Can you give me a brief statement of where / how you got the MODIS data? I'm thinking something along the lines of: "The data from MODIS was downloaded from an online repository from _some_govtagency data portal (_link_tosite)."

sdtaylor commented 8 years ago

Short: The data from MODIS was downloaded from an online repository maintained by the USGS and NASA. It's freely available to anyone. https://lpdaac.usgs.gov/dataset_discovery/modis/modis_products_table

Long: MODIS Products Table - This is all the different modis data you can download. They are all at different temporal spatial scales. This data was from MOD13Q1.

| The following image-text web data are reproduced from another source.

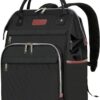 EMPSIGN Sac à Dos Imperméable Femme 15.6 Pouces College Affaires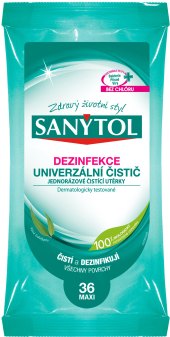 Univerzální dezinfekční ubrousky Sanytol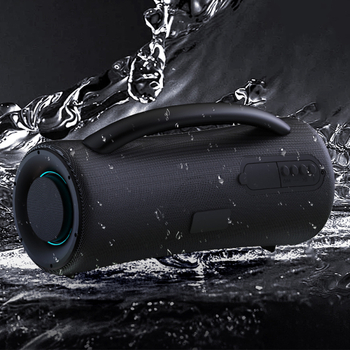 Bluetooth hangszóró kültéri és beltéri használatra, IPX4 vízálló, BT 5.3, 20Hz-20kHz, SNR ≥95dB, 40W, beépített 2000–4000 mAh, hatótáv 10 m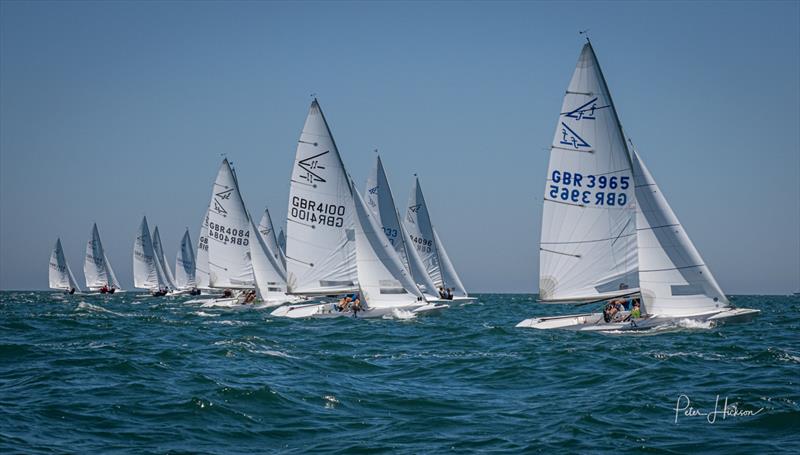 Flying Fifteen National Championship at Hayling Island day 2 photo copyright Peter Hickson taken at Hayling Island Sailing Club and featuring the Flying Fifteen class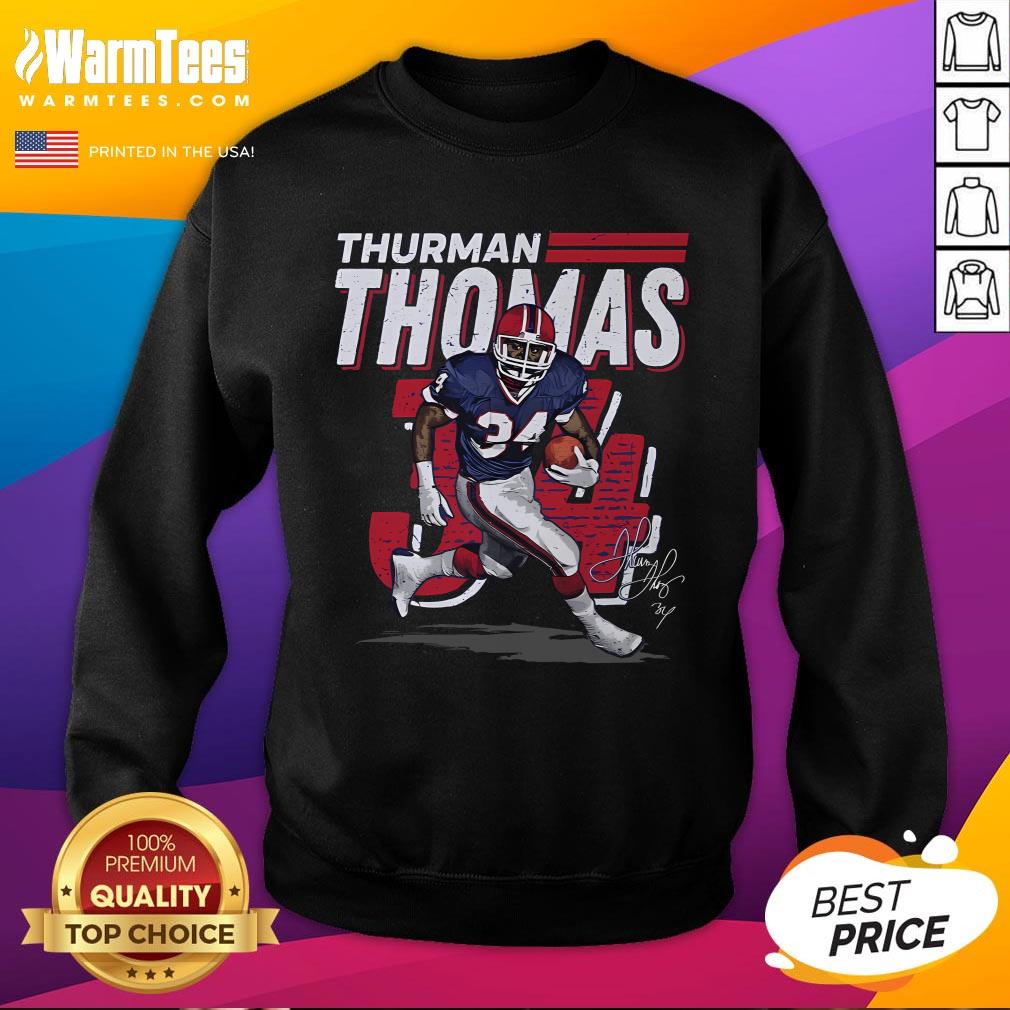 Top Thurman Thomas Buffalo Dash T-Shirt - Image 4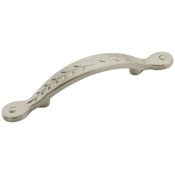Amerock Nature's Splendor 3 Inch Center to Center Handle Cabinet Pull - Pack of 25 Satin Nickel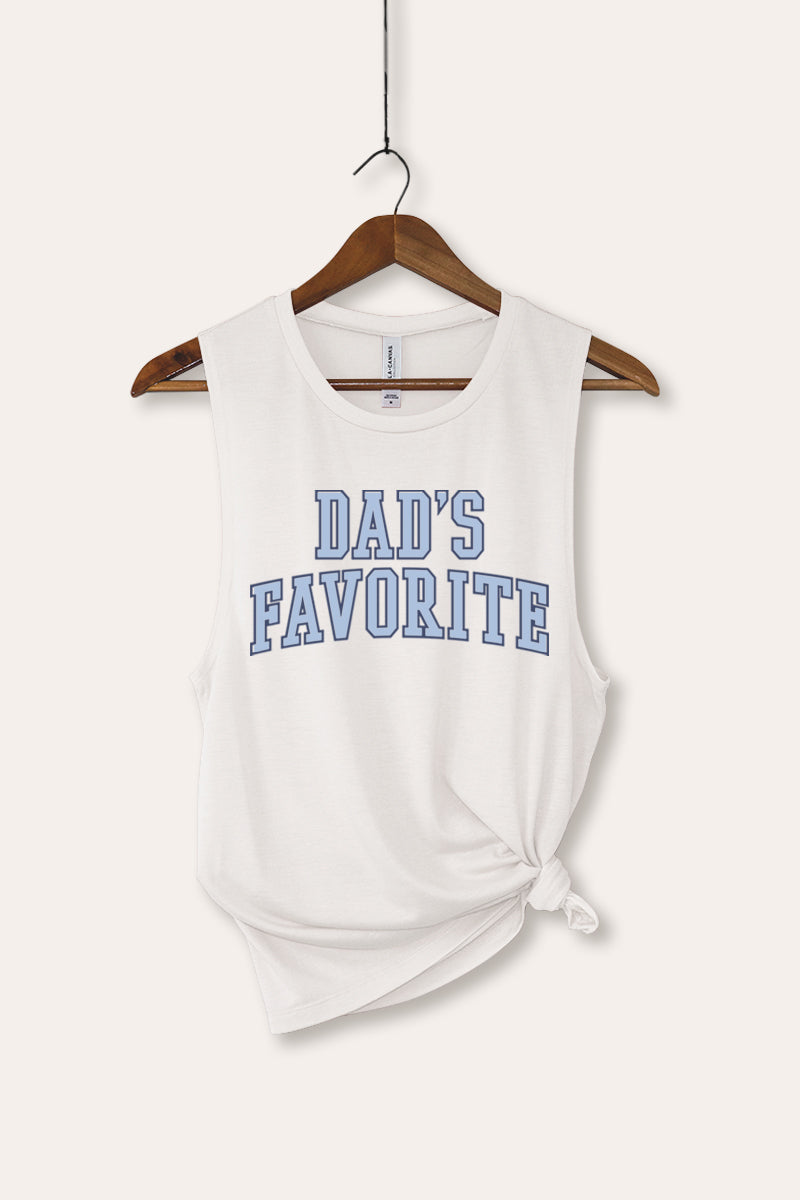 "dad's favorite" bella+canvas® graphic tank top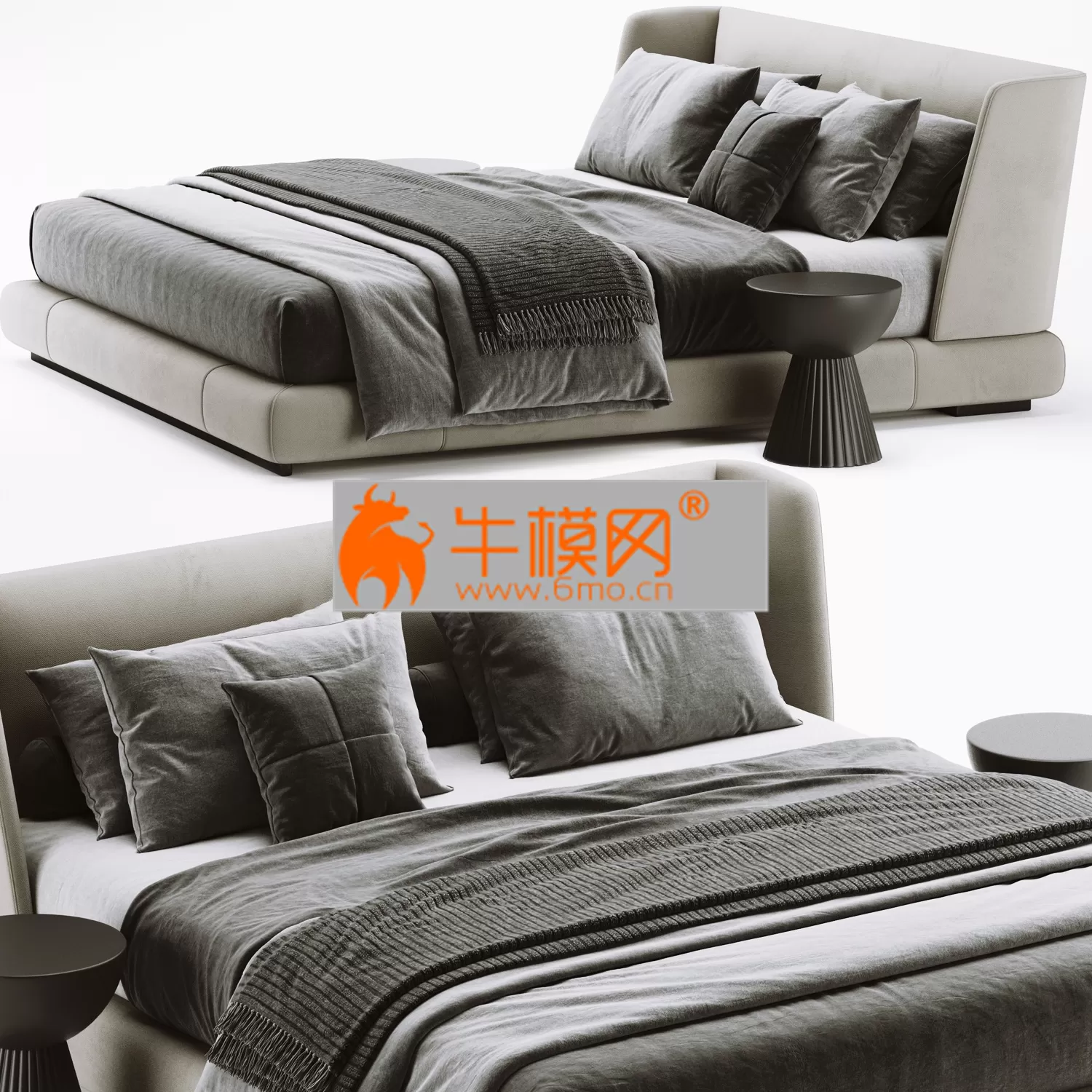 Minotti reeves bed – 3772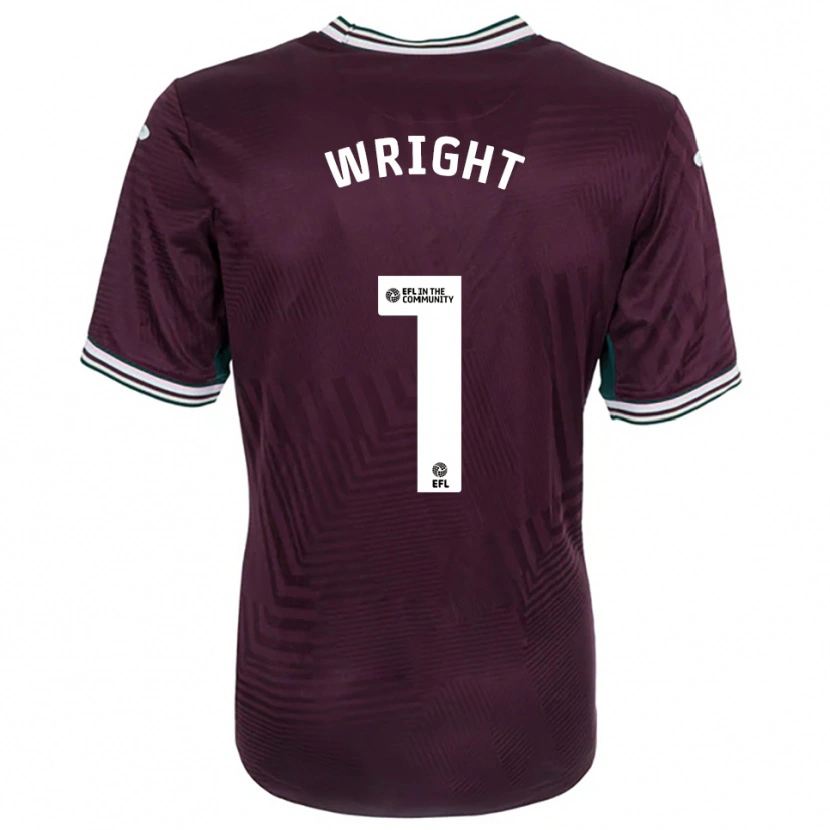 Danxen Niño Camiseta Tom Wright #1 Rojo Óxido Blanco 2ª Equipación 2025/26 La Camisa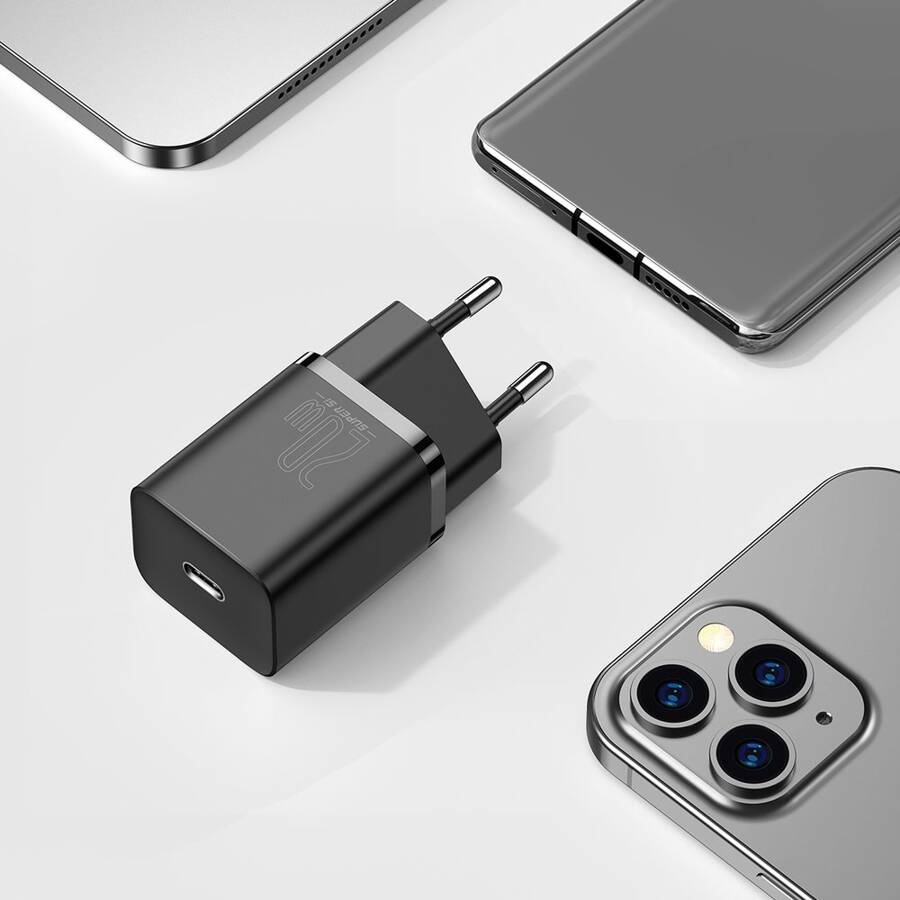 Baseus ładowarka sieciowa Super Si PD 20W 1x USB-C czarna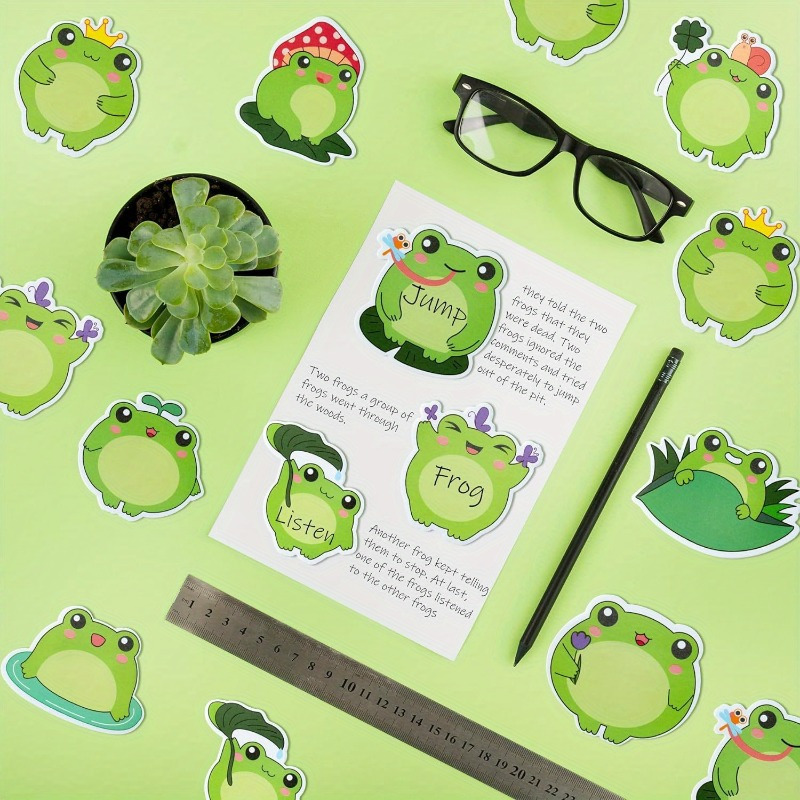 Snapklik.co : 600Pcs Frog Sticky Notes, Cute Cartoon Frog Self-Stick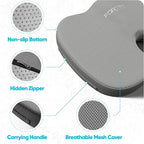 FORTEM Seat Cushion, Office Chair Cushion, Desk Chair Memory Foam, Sciatica Coccyx Tailbone Pain Relief, Pressure Relief, Sitting Pad, for Long Gaming & Sitting, Washable Cover, Non Slip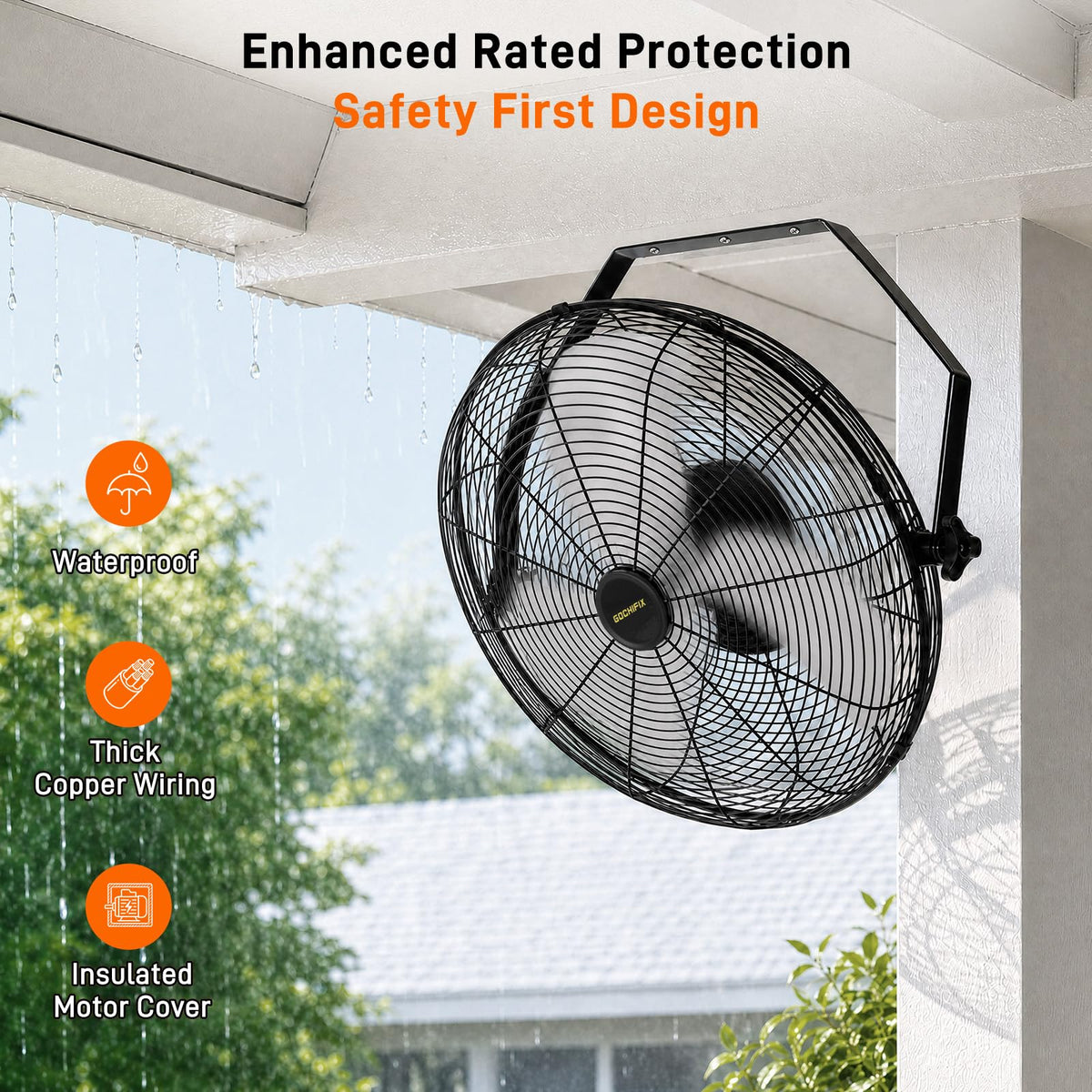 20 Inch 2 Pack 3-Speed High Velocity Wall Mount Fan B371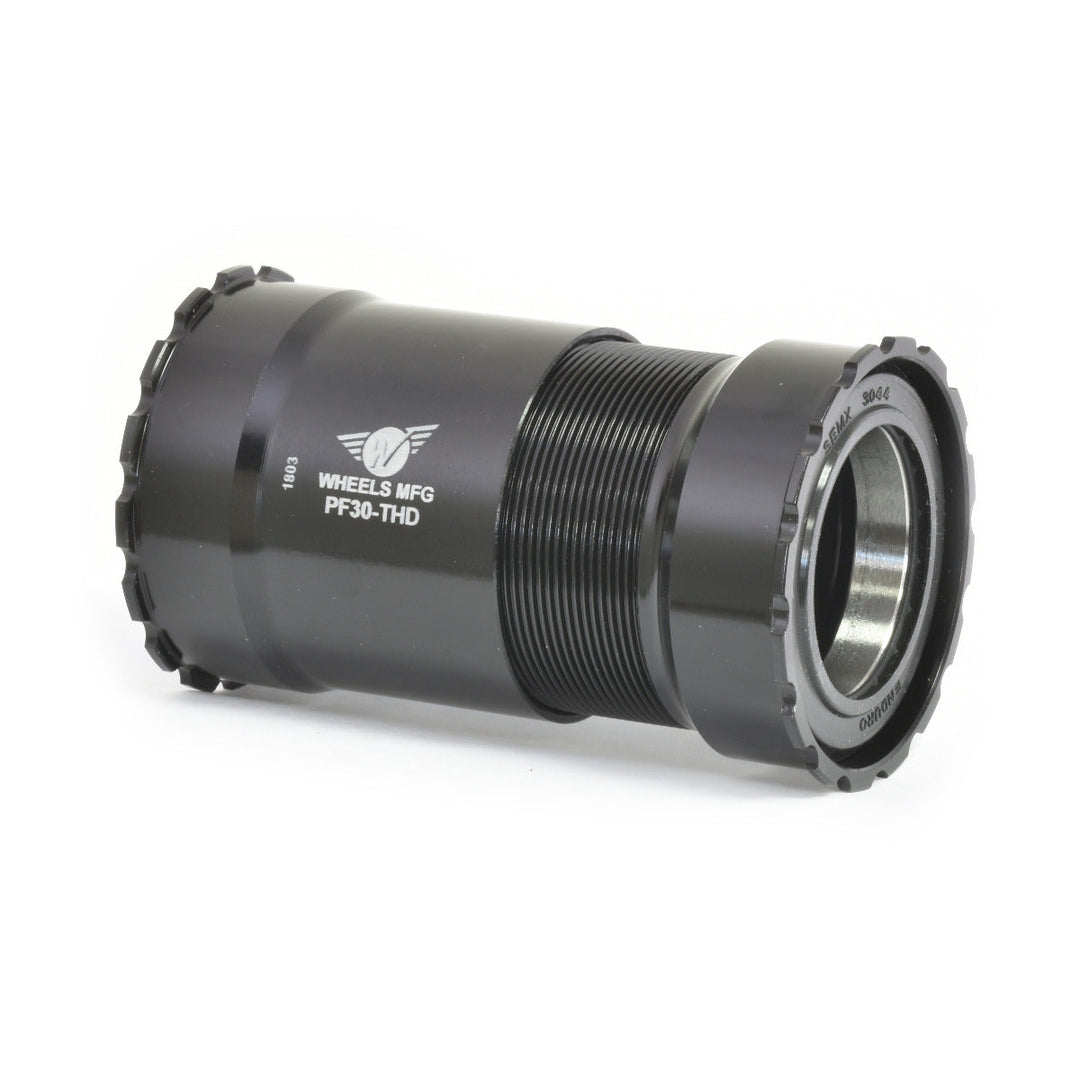 PF30 Threaded Angular Contact BB (Black)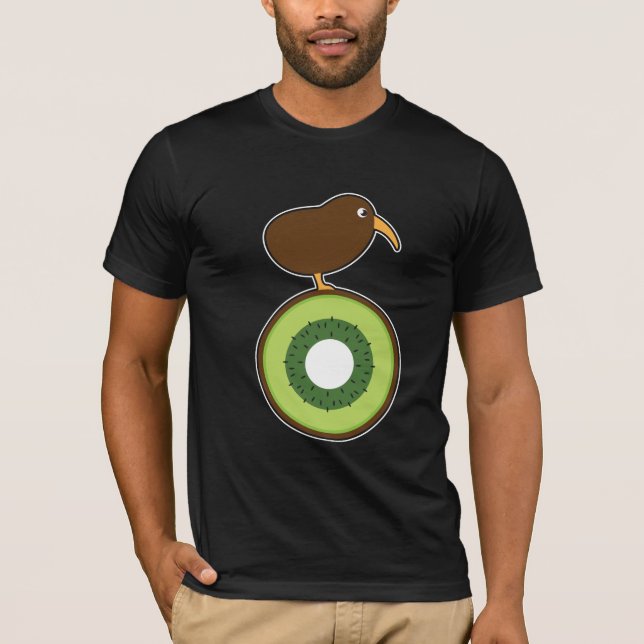 Camiseta Regalo divertido de la fruta de kiwi del pájaro (Anverso)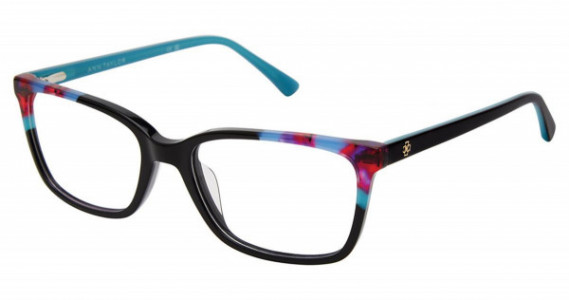 Ann Taylor AT346 Ann Taylor Eyeglasses, C01 BLACK MULTI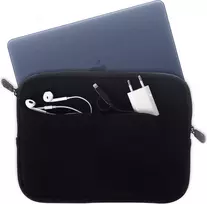 honju DarkRoom neopreninis dėklas/maišelis Apple MacBook Neo, juodas, didmeninė pakuotė (63032)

Click on a product and it will go to a page with some metadata about it. Everything is downloaded via a giant file server at http://e4ftl01.cr.usgs.gov/MOLT/. The products are again listed on the file server, and inside the folder for each one are the dates available for that product. Something that is only released once a year, like landcover, and 1 folder per year. MOD13Q1 is released every 16 days, so has 23 dates for every year.

Inside each date folder are the tiles for the entire earth. The hdf files are the actual data files, and there are also jpg files for a quick preview of them. I've never downloaded the xml files. As of July 2016 downloading from this server requires signing up for a free account.

Which tile should you download for your particular spot? MODIS data is split into a grid system over the entire earth. Check out the map here. I can usually eyeball where things are, but sometimes I'm off and download the wrong ones. For this data HARV is in tile h12v04, SJER is in h08v05.

The raw hdf files actually contain several layers in them, which are described on the respective product page under the Layers tab.